“The use of fentanyl is destroying lives and families in our state and in our country. We applaud the efforts by local, state and federal law enforcement officers, as well as prosecutors to hold those who sell fentanyl that results in fatal overdoses accountable.” – CSLEA President Alan Barcelona
SAN DIEGO – On February 8, 2023, Jaimee Ashley Koryn, 34, of San Diego was sentenced in federal court to 130 months in prison for selling the fentanyl pills that resulted in the fatal overdose Sherie Gil, 23, on September 30, 2021. Koryn pleaded guilty in October 2022, admitting that she sold Gil the fentanyl pills that caused her death.
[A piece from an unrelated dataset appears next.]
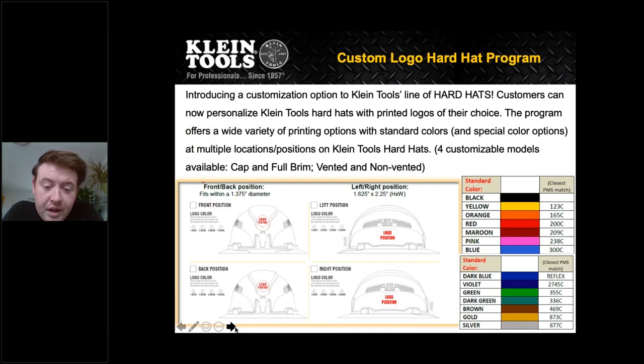We also offer customization. If you're a contractor or know of any accounts who would like to have their hard hat customized, we will happily do that. Right now we're only able to do that in white, though we're looking at other colors. The colors you see on the side there could be logo colors as well. Please feel free to reach out if you'd like to go down that road.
According to the government’s sentencing memo, on the morning of September 30, 2021, law enforcement officers and paramedics responded to a 911 call from a commercial office building in San Diego. Law enforcement officers found Gil deceased in a bathroom along with drug paraphernalia, Gil’s cell phone, and “blues,” or counterfeit oxycodone pills containing fentanyl. The Medical Examiner’s Office later determined that Gil had died as the result of the “toxic effects of fentanyl, cocaine, and alprazolam.”
During a search of Gil’s cell phone, agents discovered that Gil had exchanged text messages with another phone number asking if she could “pick up” blues on a number of occasions in the days leading up to Gil’s death. During the investigation that followed, law enforcement discovered that the other phone number was registered to Koryn. The text messages also indicated that, on September 29, 2021, Gil again messaged Koryn requesting blues; Koryn sent Gil her address and Gil then responded that she was seven minutes away.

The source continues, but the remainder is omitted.